**Material for this exercise:**

....................

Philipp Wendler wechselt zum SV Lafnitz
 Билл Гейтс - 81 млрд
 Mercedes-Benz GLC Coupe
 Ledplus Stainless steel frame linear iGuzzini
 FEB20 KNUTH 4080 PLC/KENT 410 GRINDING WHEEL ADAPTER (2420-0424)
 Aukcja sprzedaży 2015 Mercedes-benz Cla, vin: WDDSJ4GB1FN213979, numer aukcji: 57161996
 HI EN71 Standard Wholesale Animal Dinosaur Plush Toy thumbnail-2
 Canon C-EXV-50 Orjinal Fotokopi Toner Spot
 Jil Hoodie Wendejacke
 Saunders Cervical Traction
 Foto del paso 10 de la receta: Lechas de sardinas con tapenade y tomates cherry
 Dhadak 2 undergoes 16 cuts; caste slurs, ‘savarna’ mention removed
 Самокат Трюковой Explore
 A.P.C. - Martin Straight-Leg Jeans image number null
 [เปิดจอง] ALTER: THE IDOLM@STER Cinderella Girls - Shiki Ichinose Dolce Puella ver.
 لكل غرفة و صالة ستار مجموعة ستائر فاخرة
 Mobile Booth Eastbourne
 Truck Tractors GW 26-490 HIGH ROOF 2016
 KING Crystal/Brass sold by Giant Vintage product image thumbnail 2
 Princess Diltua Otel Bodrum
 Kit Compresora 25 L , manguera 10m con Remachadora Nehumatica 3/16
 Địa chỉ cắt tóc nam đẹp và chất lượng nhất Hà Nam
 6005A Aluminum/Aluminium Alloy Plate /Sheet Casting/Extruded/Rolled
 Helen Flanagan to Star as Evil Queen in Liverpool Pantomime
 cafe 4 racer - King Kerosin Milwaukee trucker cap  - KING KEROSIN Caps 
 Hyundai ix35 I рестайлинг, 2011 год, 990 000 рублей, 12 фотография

....................

**Exercise aim:**
Transcribe, please, every line from the first line of the listing above through the line with "Aukcja sprzedaży 2015". Keep both ends and nothing else.

**Result below:**
Philipp Wendler wechselt zum SV Lafnitz
 Билл Гейтс - 81 млрд
 Mercedes-Benz GLC Coupe
 Ledplus Stainless steel frame linear iGuzzini
 FEB20 KNUTH 4080 PLC/KENT 410 GRINDING WHEEL ADAPTER (2420-0424)
 Aukcja sprzedaży 2015 Mercedes-benz Cla, vin: WDDSJ4GB1FN213979, numer aukcji: 57161996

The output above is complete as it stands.